Bank Holiday Ramblings

Hi all!

Its been quite a while since i've blogged and have taken the decision to merge both of my blogs together under one name. Hopefully the transition will all be done within the next week or so, if my partner-in-crime Emily will help me out with the web design side of things.

Today I wanted to blog about me. Things are about to get personal.

Bank holidays are wonderful, and mine in particular has been awesome. I've seen the in-laws, i've seen some of my nearest and dearest friends, my sister and brother-in-law, and spent the entire thing with my partner. Its been great fun.
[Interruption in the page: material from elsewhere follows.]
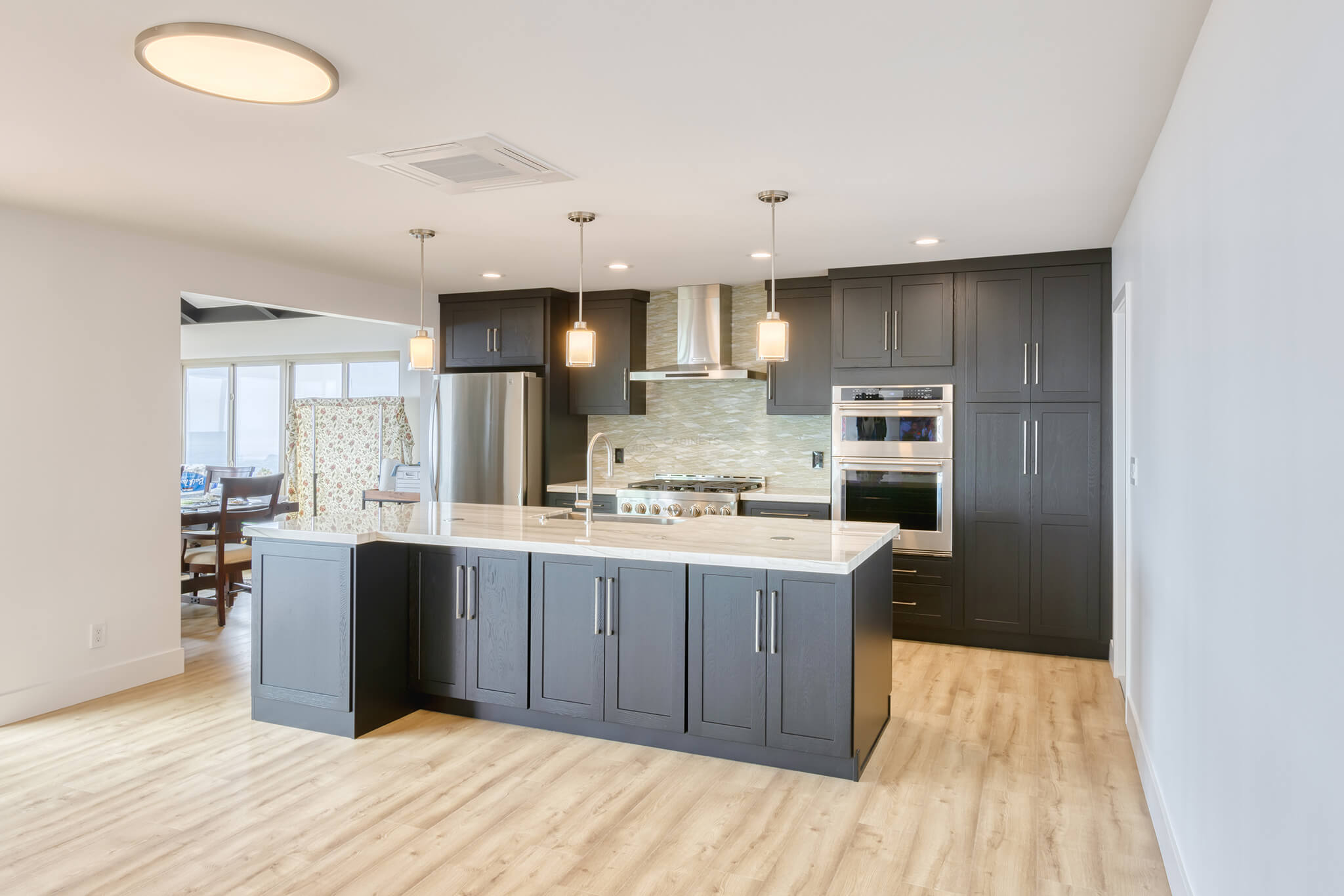 Johnny's Kitchen - 405 Cabinets & Stone - 03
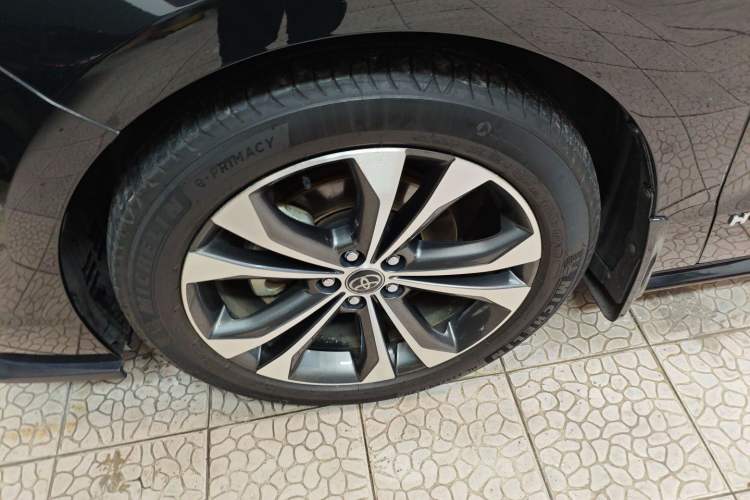 Used Toyota Granvia 2022 2.5L Hybrid Flagship Edition Exterior 4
That is, until midday Monday.

I live with bipolar disorder on a daily basis. This is unfortunate, but true. For all of the positive things in my life (Em, my home, my friends, my job), I'm only ever a chemical imbalance away from sinking into myself. Today, it hit harder than it has in a while. I'm restless, but want to rest. I'm awake, but so very tired. I have so many things I could do, but i'm bored. I could be surrounded by hundreds of people, but I feel alone.

This week I was off of work for a couple of days with nausea that stopped me sleeping, the sweats that stopped me leaving the house, and a lack of appetite that meant I didn't eat for 48 hours. THIS was not normal - I tried to take what must be my sixth different course of medication and these side effects all hit within 12 hours. This makes it easy to give up hope on being able to find a magic tablet that just makes me the person I wish I could be.

Some have made me so tired I can barely function, let alone drive. Some made my eyes feel like they were on fire. Some, as I learned this week, can make me pretty ill. Every time I suffer one of these setbacks, I become defiant - "I shouldn't need a magic pill to make me happy anyway", "I can do this without them". And every time I become more and more defiant.

I was diagnosed with bipolar aged 19. Suddenly, the world made both more and less sense. I understood why I had "bad days", but I also didn't want to be seen as not "normal". Sometimes it allows me to be more expressive in my music, other times it means I leave parties having barely stepped in the door. The only thing that remains the same is that I know the sun will rise the next day and hopefully I will do the same.

There is no point to this blog other than to say - life is too short. Enjoy the time you have with the people you choose to spend it with. Tell your family you love them whenever you get the chance. When arguing over something, ask yourself if its worth it. Stop calling people who don't call back, and call those who do. Live every day as if its the day you'll be remembered by.